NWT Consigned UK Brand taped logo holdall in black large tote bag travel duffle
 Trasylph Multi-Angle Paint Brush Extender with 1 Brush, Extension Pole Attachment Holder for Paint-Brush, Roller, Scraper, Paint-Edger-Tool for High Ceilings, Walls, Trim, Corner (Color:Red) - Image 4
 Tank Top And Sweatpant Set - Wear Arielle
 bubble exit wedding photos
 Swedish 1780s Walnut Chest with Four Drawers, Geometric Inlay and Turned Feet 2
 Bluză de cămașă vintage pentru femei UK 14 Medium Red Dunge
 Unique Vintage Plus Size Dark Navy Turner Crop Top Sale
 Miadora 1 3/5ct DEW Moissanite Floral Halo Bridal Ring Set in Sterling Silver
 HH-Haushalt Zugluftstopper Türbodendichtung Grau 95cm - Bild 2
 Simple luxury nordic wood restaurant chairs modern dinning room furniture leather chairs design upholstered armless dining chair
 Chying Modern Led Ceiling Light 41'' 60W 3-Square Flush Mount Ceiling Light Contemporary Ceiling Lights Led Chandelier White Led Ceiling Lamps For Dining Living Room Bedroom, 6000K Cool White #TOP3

________

## Aim of the exercise:
Print the data above exactly as it reads.

## Task result:
NWT Consigned UK Brand taped logo holdall in black large tote bag travel duffle
 Trasylph Multi-Angle Paint Brush Extender with 1 Brush, Extension Pole Attachment Holder for Paint-Brush, Roller, Scraper, Paint-Edger-Tool for High Ceilings, Walls, Trim, Corner (Color:Red) - Image 4
 Tank Top And Sweatpant Set - Wear Arielle
 bubble exit wedding photos
 Swedish 1780s Walnut Chest with Four Drawers, Geometric Inlay and Turned Feet 2
 Bluză de cămașă vintage pentru femei UK 14 Medium Red Dunge
 Unique Vintage Plus Size Dark Navy Turner Crop Top Sale
 Miadora 1 3/5ct DEW Moissanite Floral Halo Bridal Ring Set in Sterling Silver
 HH-Haushalt Zugluftstopper Türbodendichtung Grau 95cm - Bild 2
 Simple luxury nordic wood restaurant chairs modern dinning room furniture leather chairs design upholstered armless dining chair
 Chying Modern Led Ceiling Light 41'' 60W 3-Square Flush Mount Ceiling Light Contemporary Ceiling Lights Led Chandelier White Led Ceiling Lamps For Dining Living Room Bedroom, 6000K Cool White #TOP3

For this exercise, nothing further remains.